• _What you need to do_: In the entries below, how many lines hold the string "important"? Give only the number.

**** Supplied material

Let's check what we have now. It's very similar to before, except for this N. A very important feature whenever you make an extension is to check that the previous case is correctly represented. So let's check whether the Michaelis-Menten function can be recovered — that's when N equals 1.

********
**** Supplied material

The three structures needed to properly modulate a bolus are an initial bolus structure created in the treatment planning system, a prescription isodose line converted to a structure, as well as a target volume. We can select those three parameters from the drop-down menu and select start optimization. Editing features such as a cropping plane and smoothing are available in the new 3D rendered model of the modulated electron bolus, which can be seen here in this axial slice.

********
**** Supplied material

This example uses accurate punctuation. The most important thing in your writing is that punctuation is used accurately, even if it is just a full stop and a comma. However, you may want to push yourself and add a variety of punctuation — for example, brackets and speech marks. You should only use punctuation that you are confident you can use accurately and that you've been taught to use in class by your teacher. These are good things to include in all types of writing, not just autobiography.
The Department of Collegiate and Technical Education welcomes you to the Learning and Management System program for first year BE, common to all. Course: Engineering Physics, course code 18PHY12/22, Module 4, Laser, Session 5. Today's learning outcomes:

********

• _Answer box_: 2